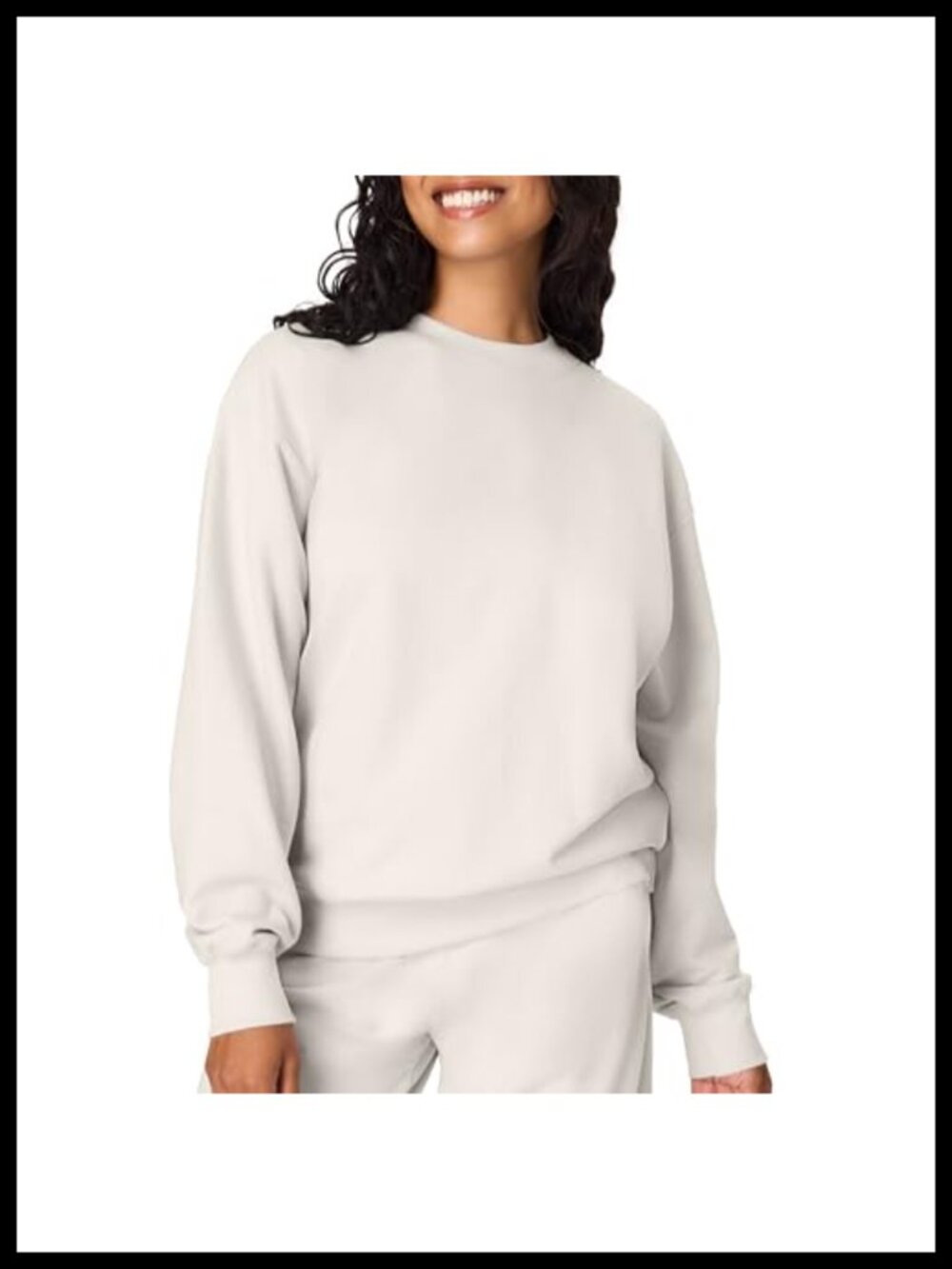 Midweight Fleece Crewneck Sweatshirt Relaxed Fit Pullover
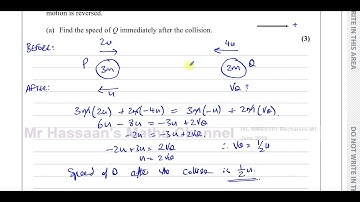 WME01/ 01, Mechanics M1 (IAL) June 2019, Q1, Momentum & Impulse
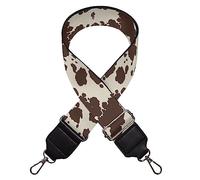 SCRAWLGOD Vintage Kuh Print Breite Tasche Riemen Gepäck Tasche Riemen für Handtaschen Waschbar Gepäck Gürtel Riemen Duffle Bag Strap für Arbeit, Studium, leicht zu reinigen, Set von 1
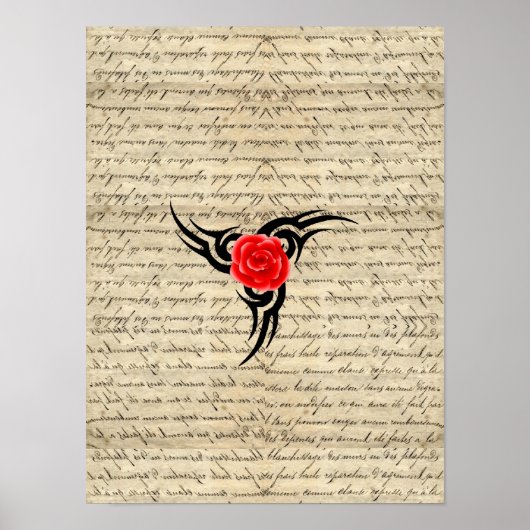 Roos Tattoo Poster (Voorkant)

──────

■ Exercise directions ■
Exact reproduction is required. Output only the lines from the one with "SCRAWLGOD Vintage Kuh" through the end of the listing above, both ends included, and no pictures.

■ Exercise output ■
 SCRAWLGOD Vintage Kuh Print Breite Tasche Riemen Gepäck Tasche Riemen für Handtaschen Waschbar Gepäck Gürtel Riemen Duffle Bag Strap für Arbeit, Studium, leicht zu reinigen, Set von 1
 Roos Tattoo Poster (Voorkant)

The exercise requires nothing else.